15.00 - Basing a Partitioning Expression on a RANGE_N Function - Teradata Database

Teradata Database Design

Teradata Database
User Guide

Basing a Partitioning Expression on a RANGE_N Function

The RANGE_N function is provided to simplify the specification of common partitioning expressions where each partition contains a range of numeric data, and is especially useful when the column contains a date or timestamp. RANGE_N returns an INTEGER determined by the first range that includes the column value, numbered from 1, that can be mapped directly to a partition number or can be further modified to calculate the partition number. RANGE_N is commonly used to define partitioning expressions. When you use a RANGE_N function to define a single‑level partitioning expression, two partition numbers, NO RANGE and UNKNOWN, are reserved for specific uses.

Assume a table with 7 years of order data, ranging from 2001 through 2007. The next partitioning expression creates 84 partitions, one for each month of the period covered by the data:

     PRIMARY INDEX (order_number)
     PARTITION BY RANGE_N (order_date BETWEEN DATE '2001-01-01' 
                                      AND     DATE '2007-12-31'
                                      EACH INTERVAL '1' MONTH);

Each partition contains roughly the same number of rows, assuming that order volume has stayed roughly constant across the seven year interval. Neither a NO RANGE nor an UNKNOWN partition is defined because this partitioning expression definition is for data that only has dates within the ranges specified in the partitioning expression.

It is frequently desirable to have each partition contain roughly the same number of rows, but it is not required. The next example puts the older orders into partitions with coarser granularity, and the newer orders into partitions with finer granularity:

     PRIMARY INDEX (order_number)
     PARTITION BY RANGE_N (order_date BETWEEN DATE '1994-01-01' 
                                      AND     DATE '1997-12-31' 
                                      EACH INTERVAL '2' YEAR,
                                              DATE '1998-01-01' 
                                      AND     DATE '2000-12-31' 
                                      EACH INTERVAL '1' YEAR,
                                              DATE '2001-01-01' 
                                      AND     DATE '2003-12-31' 
                                      EACH INTERVAL '6' MONTH,   
                                              DATE '2004-01-01' 
                                      AND     DATE '2007-12-31' 
                                              EACH INTERVAL '1' MONTH,       
                                              NO RANGE, UNKNOWN);

In this example, the more recent data is partitioned more finely than the older data.
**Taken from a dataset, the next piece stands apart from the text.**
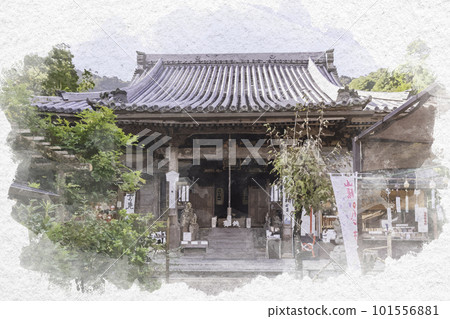 Watercolor-style Miyajima Daisho-in Imperial Prayer Hall, Hatsukaichi City, Hiroshima Prefecture 101556881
This can be a good strategy if you know that the older data is rarely accessed except as part of a full‑table scan, because it reduces some potential disadvantages by defining a smaller number of partitions. However, maintaining this structure over extended epochs of time is not as simple as maintaining a structure in which each interval covers the same time duration. In this example, the years 2004 through 2007 are partitioned by month. As time passes, and 2004 data becomes older and less frequently referenced, it shall become necessary to repartition the table if the pattern of defining longer time intervals for older data is to be maintained.

It is both easy and fast to add and drop partitions from the ends of a partitioning definition, but repartitioning intervals in the middle partitions requires much more work, and it is usually faster to reload the data. In addition, when a range partition is dropped, any rows in that partition are moved from the dropped range partition to the NO RANGE partition or to an added range partition. Also, when a range is added, rows might need to be moved from the NO RANGE partition to the new range partition.

Some expansion room is allowed for future dates by specifying the final partition as extending to the end of 2007. It is easy to add and drop ranges to the end of a partitioning expression using the ALTER TABLE statement. While you could have specified an ending date far in the future, such as 2099‑12‑31, it is generally not desirable to define hundreds of partitions that shall not be used for decades.

The example shows intervals of years and months. It is also possible to partition by day (EACH INTERVAL '1' DAY) or by week (EACH INTERVAL '7' DAY). A seven-day interval can start on any day of the week, so if you want to start the weekly intervals on Sunday, for example, the beginning date should be chosen so that it falls on a Sunday. Also, the last range might be less than specified by the EACH clause. For example, suppose that with seven-day intervals the first date falls on Sunday, but the last date also falls on Sunday, in which case the last range spans only one day.

The RANGE_N NO RANGE clause is comparable to the CASE_N NO CASE clause, and the UNKNOWN clause has the same meaning for both functions.

As with the CASE_N partitioning expression, the Optimizer knows how many partitions are defined when RANGE_N is used as the partitioning expression.

The following example revisits the division_number example, this time using a RANGE_N function:

     PRIMARY INDEX (invoice_number)
     PARTITION BY RANGE_N (division_number BETWEEN 1 
                                           AND     4 
                                           EACH    1);

This alternate partitioning expression allows you to specify only four partitions instead of 65,535. The Optimizer might be able to choose certain join plans and more accurately cost those plans when the maximum number of partitions is both known and small, making this a better choice than using the column directly. This RANGE_N partitioning expression also prevents rows with non‑valid division numbers from being inserted into the table.